Once I needed a reference sample of allyl alcohol, but I couldn't find a bottle around. So I figured I would take some allyl chloroformate and let it react with water. I mixed the two together and allowed to stir for 30 minutes -- no reaction. Taught me a lesson about the robustitude of such reagents.
Permalink to Comment2. Andy on September 7, 2007 3:07 AM writes...
Aryl sulfonyl chlorides are often prepared from chlorosulfonic acid and isolated by adding to ice whereupon the product precipitates. I always assumed that the reaction of acid chlorides and sulfonyl chlorides with water was pH dependent not stirring rate dependent, and didn't react quickly at pH 7.
Permalink to CommentWhatever, mess should be cleared up smelly or not.
3. Keith on September 7, 2007 7:09 AM writes...
Remember the Shotten-Baumann acylation of phenols with benzoyl chloride? Done in 2M aqueous sodium hydroxide .......... and you get the ester.
Permalink to Comment4. ORK on September 7, 2007 7:34 AM writes...
The worst smelling acid chloride in my opinion is crotonyl chloride, at first wiff you get a kind of vomit like smell and in the end as a added bonus you get the lachrymator that most all crotonyl agent are.
Permalink to Comment5. Karl Hungus on September 7, 2007 8:54 AM writes...
Ethylene dithiol is the worst stuff I've worked with. I wasn't super careful the first time, and I stunk up the labs with the smell of the worst egg farts you can imagine. I was persona non grata for some time after that, and quickly learned how to work with it (if you spill it, even the smallest drop will stink to high heavens, wash it up with dilute NaOH).
Permalink to Comment6. .... on September 7, 2007 9:03 AM writes...
I cannot tolerate CbzCl anymore following my brilliant decision to run a large scale Cbz protection of serine outside of the hood (we had a nifty pH titrator set up on the bench that was the bees-knees for these types of reactions). The smell was so overwhelming and coated the hairs inside my nose so I could smell it everywhere I went. I had a headache for several days and now have terrible memories any time I catch a faint whiff of the stuff.
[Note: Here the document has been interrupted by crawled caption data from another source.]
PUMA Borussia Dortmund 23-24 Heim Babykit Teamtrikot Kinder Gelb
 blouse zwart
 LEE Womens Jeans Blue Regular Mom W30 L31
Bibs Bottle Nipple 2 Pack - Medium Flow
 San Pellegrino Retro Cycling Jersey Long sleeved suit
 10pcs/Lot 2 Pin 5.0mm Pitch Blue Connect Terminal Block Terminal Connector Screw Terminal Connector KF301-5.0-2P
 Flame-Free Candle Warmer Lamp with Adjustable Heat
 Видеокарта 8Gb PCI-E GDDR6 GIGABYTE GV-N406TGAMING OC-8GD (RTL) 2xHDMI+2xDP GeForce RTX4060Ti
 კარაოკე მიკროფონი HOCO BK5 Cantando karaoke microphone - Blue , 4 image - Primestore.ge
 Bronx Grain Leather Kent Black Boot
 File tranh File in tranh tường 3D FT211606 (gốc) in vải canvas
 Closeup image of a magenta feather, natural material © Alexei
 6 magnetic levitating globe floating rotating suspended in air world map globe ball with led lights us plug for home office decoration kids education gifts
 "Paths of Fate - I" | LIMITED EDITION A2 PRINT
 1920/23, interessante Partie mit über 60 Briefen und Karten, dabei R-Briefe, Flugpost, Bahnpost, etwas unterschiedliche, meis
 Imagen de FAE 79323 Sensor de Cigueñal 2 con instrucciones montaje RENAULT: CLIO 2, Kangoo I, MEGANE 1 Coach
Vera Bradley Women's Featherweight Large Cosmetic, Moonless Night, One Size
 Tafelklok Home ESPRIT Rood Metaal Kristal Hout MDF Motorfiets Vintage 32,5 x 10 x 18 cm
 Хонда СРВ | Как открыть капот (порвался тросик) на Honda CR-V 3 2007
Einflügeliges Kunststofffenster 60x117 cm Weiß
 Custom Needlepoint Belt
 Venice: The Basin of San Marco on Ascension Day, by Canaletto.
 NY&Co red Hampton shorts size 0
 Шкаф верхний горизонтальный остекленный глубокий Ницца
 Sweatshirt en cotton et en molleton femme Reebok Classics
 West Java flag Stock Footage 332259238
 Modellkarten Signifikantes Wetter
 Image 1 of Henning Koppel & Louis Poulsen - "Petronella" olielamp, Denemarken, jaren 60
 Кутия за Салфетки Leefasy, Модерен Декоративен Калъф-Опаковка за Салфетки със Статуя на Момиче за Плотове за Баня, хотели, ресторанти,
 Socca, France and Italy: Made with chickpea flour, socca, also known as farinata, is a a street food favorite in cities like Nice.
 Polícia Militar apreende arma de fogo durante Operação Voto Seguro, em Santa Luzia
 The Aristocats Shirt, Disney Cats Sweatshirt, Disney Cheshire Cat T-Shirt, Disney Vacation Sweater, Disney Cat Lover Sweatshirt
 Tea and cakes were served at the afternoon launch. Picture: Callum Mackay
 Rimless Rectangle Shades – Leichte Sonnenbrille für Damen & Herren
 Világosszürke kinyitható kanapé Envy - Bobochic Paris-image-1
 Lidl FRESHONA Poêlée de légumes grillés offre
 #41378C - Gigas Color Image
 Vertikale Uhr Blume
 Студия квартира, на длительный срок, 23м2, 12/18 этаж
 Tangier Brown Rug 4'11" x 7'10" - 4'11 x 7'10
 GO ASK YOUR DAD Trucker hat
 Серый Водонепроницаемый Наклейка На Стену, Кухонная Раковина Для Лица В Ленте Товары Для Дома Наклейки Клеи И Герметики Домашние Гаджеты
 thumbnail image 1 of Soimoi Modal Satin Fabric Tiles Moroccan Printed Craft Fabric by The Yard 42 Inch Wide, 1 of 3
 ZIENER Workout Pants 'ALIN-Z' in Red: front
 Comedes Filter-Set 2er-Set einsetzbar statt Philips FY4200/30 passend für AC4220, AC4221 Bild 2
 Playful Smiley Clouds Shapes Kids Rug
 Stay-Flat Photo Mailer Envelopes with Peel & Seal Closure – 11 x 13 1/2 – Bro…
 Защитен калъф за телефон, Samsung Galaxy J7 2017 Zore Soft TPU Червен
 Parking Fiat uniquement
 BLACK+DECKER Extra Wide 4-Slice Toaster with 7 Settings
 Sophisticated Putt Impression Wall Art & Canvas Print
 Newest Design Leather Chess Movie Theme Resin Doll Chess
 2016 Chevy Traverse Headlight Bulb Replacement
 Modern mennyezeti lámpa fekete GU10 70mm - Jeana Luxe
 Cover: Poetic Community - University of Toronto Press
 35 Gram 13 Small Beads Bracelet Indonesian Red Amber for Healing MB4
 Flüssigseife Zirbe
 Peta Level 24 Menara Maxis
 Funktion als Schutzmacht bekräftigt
Permalink to Comment7. milkshake on September 7, 2007 11:04 AM writes...
Use the CbzOSu, the hydroxysuccinimide version of the reagent. White crystals, no smell, no benzyl chloride in the crude producr, easy to work-up.
A colleague in the lab just few days ago had a mishap - he opened an over-pressurized big bottle of Cbz-Cl that was stored at room temp (so lots of CO2 build up in there) and a fountain of neat Cbz chloride erupted into his face. He had goggles so he kept his sight but the skin irritation and the smell must have been quite bad - and the lab stunk even the next day.
Permalink to Comment8. MikeS on September 7, 2007 11:42 AM writes...
I had a similar accident with CBZ-Cl. It was stored in a Aldrich bottle with a regular non-vented sure-seal cap, which was poor form on Aldrich's part.
Fortunately, since I was aware of the possibility of pressure build-up and because the bottle looked pretty old, when I went to withdraw some with a syringe I made sure to pull the hood sash down and point the bottle away from me.
When I pierced the septum, the pressure in the syringe was great enough to overpower my thumb and the syringe plunger loudly popped out and ricocheted around the hood a couple of times, and about 100ml of the stuff was dispersed in a fine mist that coated the inside of my hood.
As I was wearing gloves and a labcoat, and the hood sash was down, I hardly got any on myself, but the little bit that shot through the gap under the sash and soaked through my labcoat into my shirt smelled bad enough to send me home for a shower and a new change of clothes.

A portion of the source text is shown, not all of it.